La forma en que Roffé trae o invoca lo histórico al poema me ha hecho recordar unas lúcidas y más que nunca necesarias palabras de Tomás Segovia en El tiempo en los brazos. Cuaderno de notas (1950-1983), cuando denuncia la tendencia de cierta crítica contemporánea a caer en la trampa de los sistemas y ciclos temporales, su voluntad (en gran medida de raíz hegeliana) de dibujar tramas autosuficientes de acción y reacción que ignoran la existencia de realidades a-históricas, es decir, originarias:
La traición en la poesía y el arte modernos es cuando en lugar de restituirnos a la naturaleza −y a nuestra naturaleza−, como es su misión, se deja engañar a menudo y acaba por hacerse sierva de la Historia, por conducirnos nuevamente al mundo puramente histórico. El mundo histórico es el desierto. La poesía es el agua viva, natural, que fertiliza este desierto, y sólo ella puede fertilizarlo.

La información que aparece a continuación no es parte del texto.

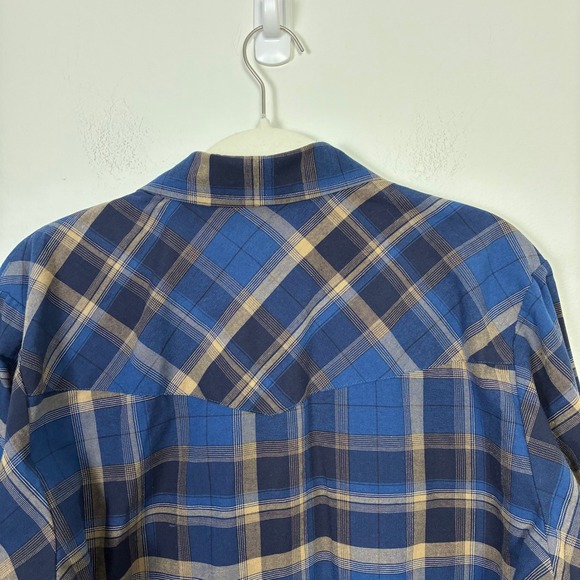 Ely Cattleman Blue Plaid Western Pearl Snap Shirt Men's Medium Cowboy Retro - Picture 7 of 8
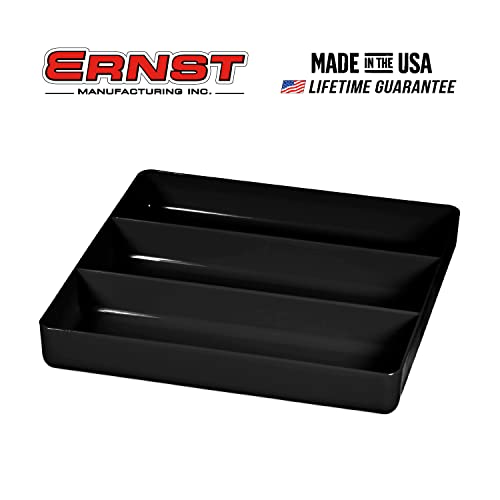 Ernst Manufacturing Stackable Home, Office & Workshop Tray in Black with 3 Compartments - Ideal for Mechanics, Electricians, Plumbers, Crafting, Hobbies - Impact Resistant, Fits in Drawers - color: Black, size: 3-Compartments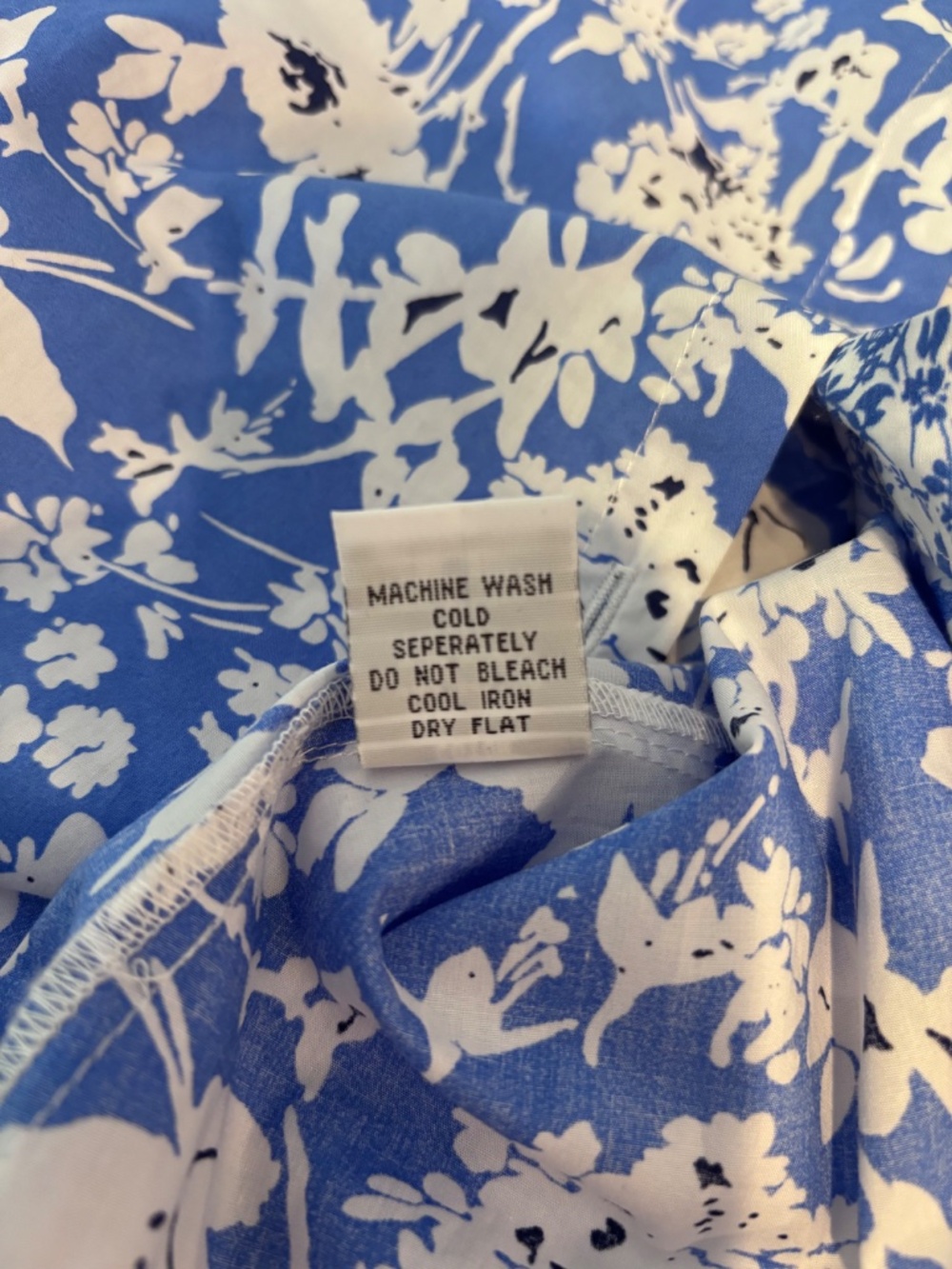 HABITAT Blue White Collared Button Down 3/4 Sleeve Shirt Size M - Picture 9 of 11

Y añade: «Si no hubiera historia no seríamos como somos, naturalmente. Pero si no hubiera la hermosura del mundo y el amor no seríamos. Y no habría historia […]». Segovia se refiere aquí a la facultad del pensamiento analógico, del pensamiento fundado en el ritmo y la imagen y la visión, para saltar por encima del tiempo, de la historia, y encarnar la continuidad del ser, la continuidad de lo humano. Eso humano, sin embargo, que no puede vivir fuera de la historia, porque el hombre es tiempo y es historia desde el momento mismo de su nacimiento. Por eso dirá, desde su condición de poeta, que «la historia no tiene sentido sino con relación a la restitución de lo originario. La Historia es al mismo tiempo el lugar donde hemos perdido lo originario y el terreno en que lo buscamos». La poesía, sobra añadirlo, es nuestra forma de buscarlo.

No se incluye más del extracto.